• GOAL OF THE EXERCISE:
Going down the data below, set down exactly the line with "And last but" and each line after it through the line with "Presenting the 2010"; no other lines.

DATA FOR REVIEW Block Start

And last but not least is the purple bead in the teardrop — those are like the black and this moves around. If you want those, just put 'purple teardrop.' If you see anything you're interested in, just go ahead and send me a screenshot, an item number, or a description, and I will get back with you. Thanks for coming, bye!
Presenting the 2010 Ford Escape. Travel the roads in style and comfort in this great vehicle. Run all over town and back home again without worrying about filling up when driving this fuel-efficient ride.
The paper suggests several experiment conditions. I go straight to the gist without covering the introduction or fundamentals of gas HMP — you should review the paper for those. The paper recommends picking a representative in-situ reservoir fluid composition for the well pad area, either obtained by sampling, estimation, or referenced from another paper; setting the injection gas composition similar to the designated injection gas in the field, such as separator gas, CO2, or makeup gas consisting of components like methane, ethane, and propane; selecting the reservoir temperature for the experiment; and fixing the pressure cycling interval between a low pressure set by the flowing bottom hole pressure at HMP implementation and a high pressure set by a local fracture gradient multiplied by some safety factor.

DATA FOR REVIEW Block End
DATA FOR REVIEW Block Start

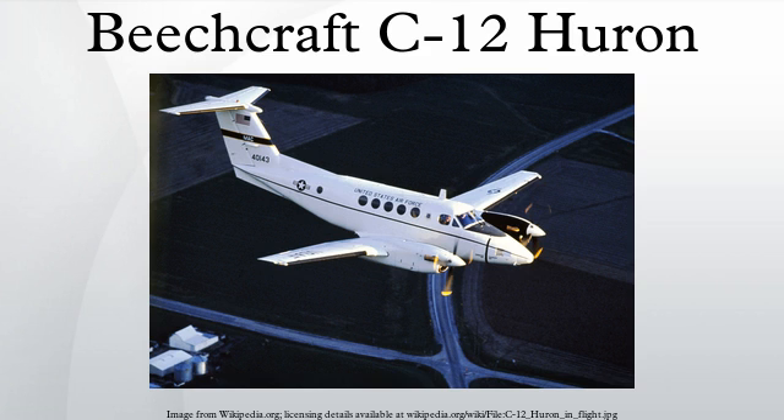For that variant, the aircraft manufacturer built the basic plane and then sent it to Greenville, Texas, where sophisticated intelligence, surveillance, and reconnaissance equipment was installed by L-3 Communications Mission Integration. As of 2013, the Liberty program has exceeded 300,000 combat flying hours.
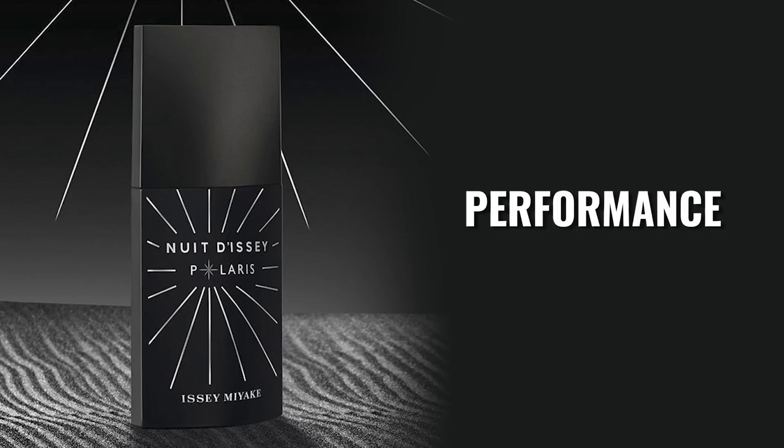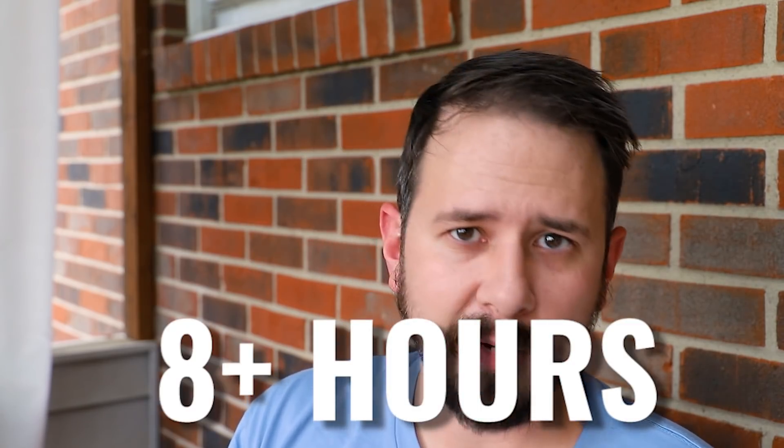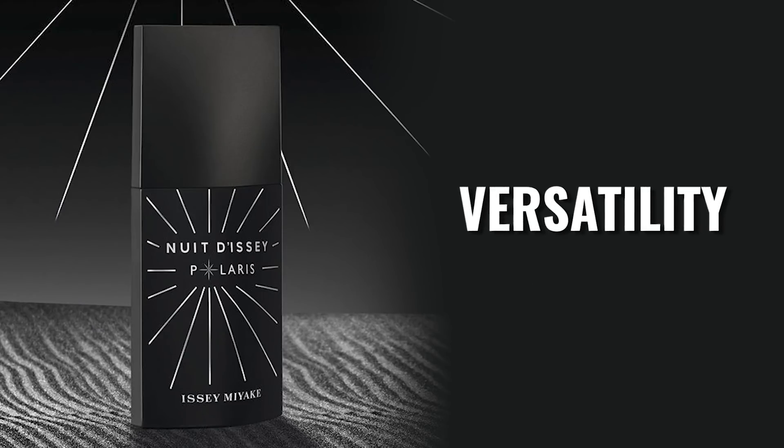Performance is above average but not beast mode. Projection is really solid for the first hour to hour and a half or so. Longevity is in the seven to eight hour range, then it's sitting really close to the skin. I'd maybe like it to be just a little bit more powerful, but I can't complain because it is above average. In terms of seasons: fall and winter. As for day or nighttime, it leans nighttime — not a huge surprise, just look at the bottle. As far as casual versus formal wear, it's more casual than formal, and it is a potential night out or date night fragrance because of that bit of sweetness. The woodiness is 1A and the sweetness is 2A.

DATA FOR REVIEW Block End
DATA FOR REVIEW Block Start

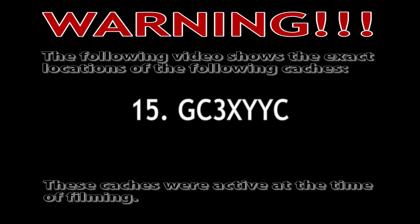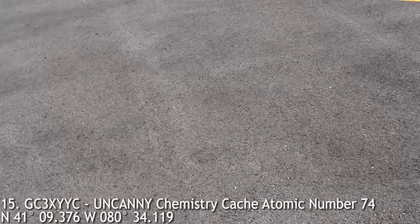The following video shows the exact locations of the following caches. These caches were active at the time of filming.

DATA FOR REVIEW Block End

• RESULT BELOW:
And last but not least is the purple bead in the teardrop — those are like the black and this moves around. If you want those, just put 'purple teardrop.' If you see anything you're interested in, just go ahead and send me a screenshot, an item number, or a description, and I will get back with you. Thanks for coming, bye!
Presenting the 2010 Ford Escape. Travel the roads in style and comfort in this great vehicle. Run all over town and back home again without worrying about filling up when driving this fuel-efficient ride.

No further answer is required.